Please restate each line of the data that follows word for word, skipping any image.

### COLLECTED DATA
---------------

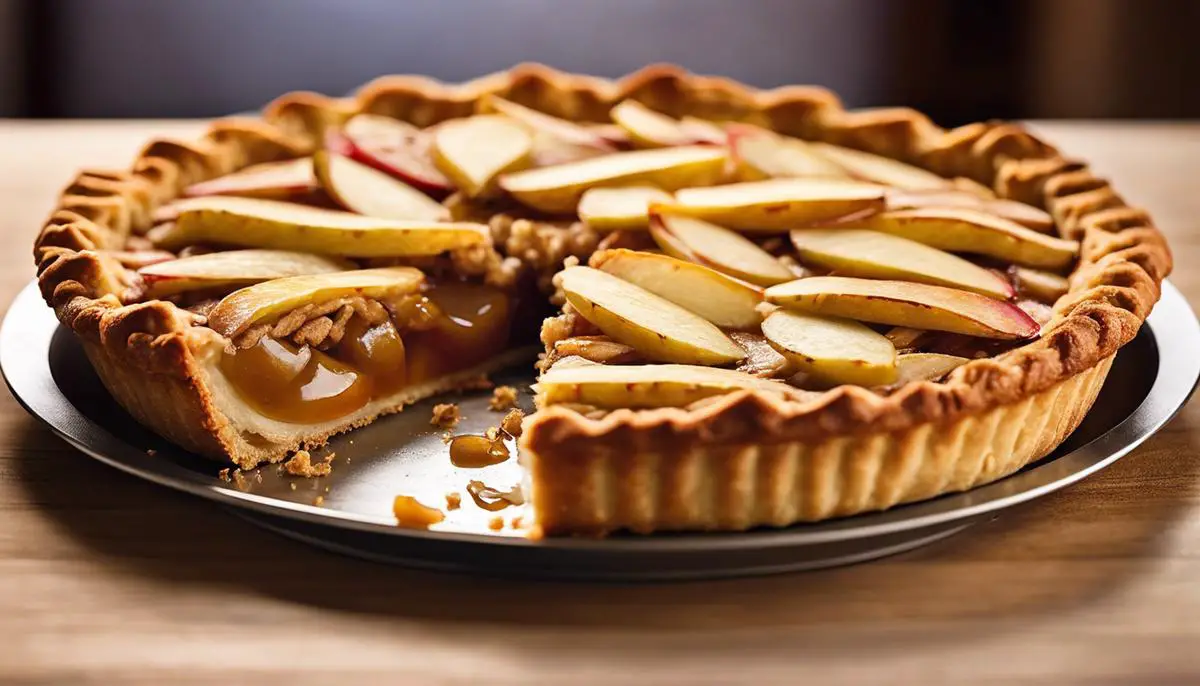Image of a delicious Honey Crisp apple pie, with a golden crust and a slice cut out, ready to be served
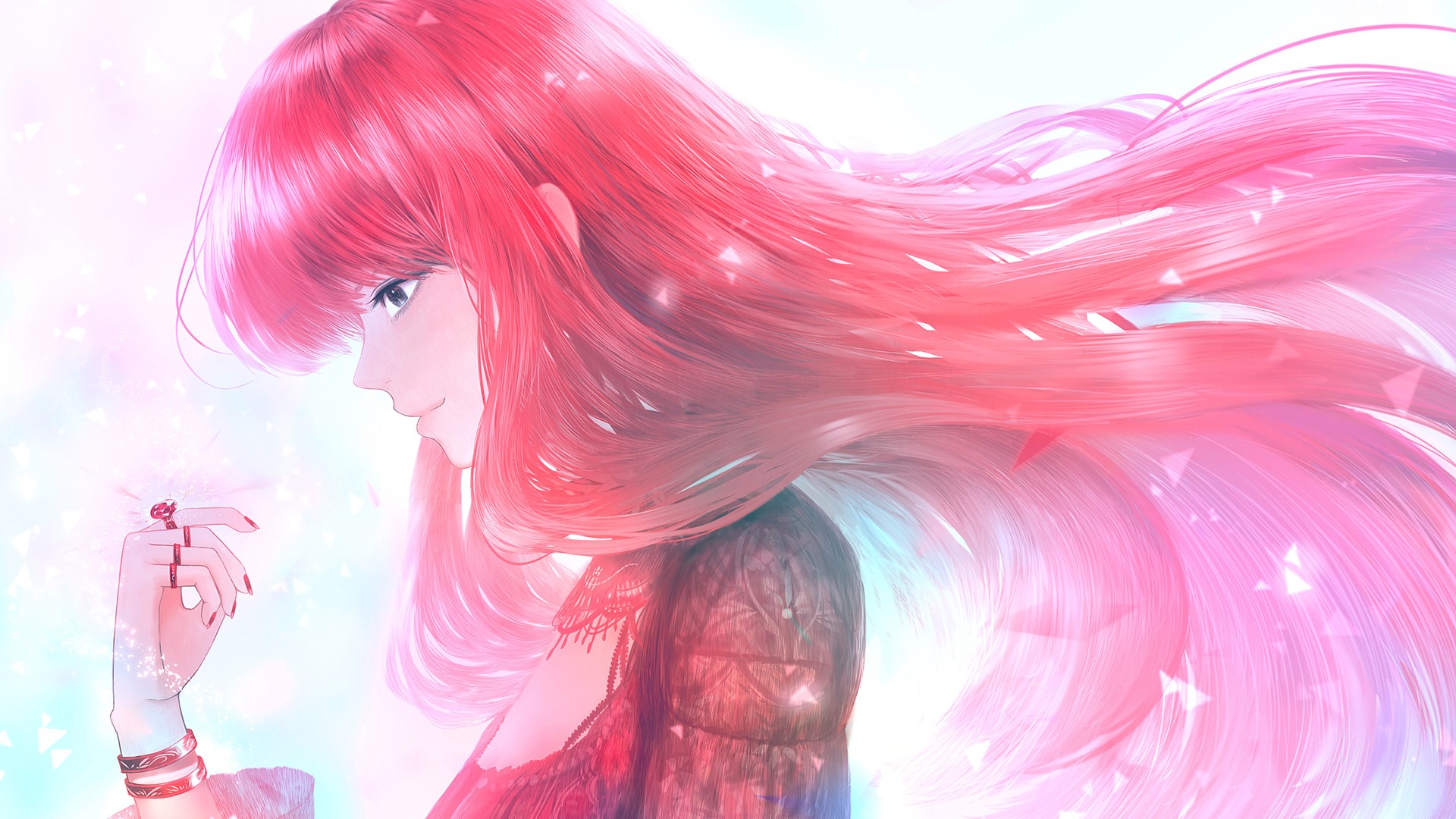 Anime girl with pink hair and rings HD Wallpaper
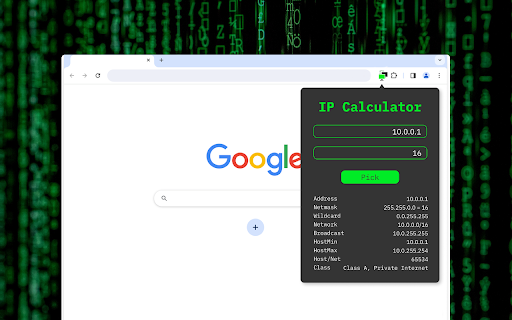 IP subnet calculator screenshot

---------------

### WRITTEN SOLUTION
Image of a delicious Honey Crisp apple pie, with a golden crust and a slice cut out, ready to be served
 Anime girl with pink hair and rings HD Wallpaper
 IP subnet calculator screenshot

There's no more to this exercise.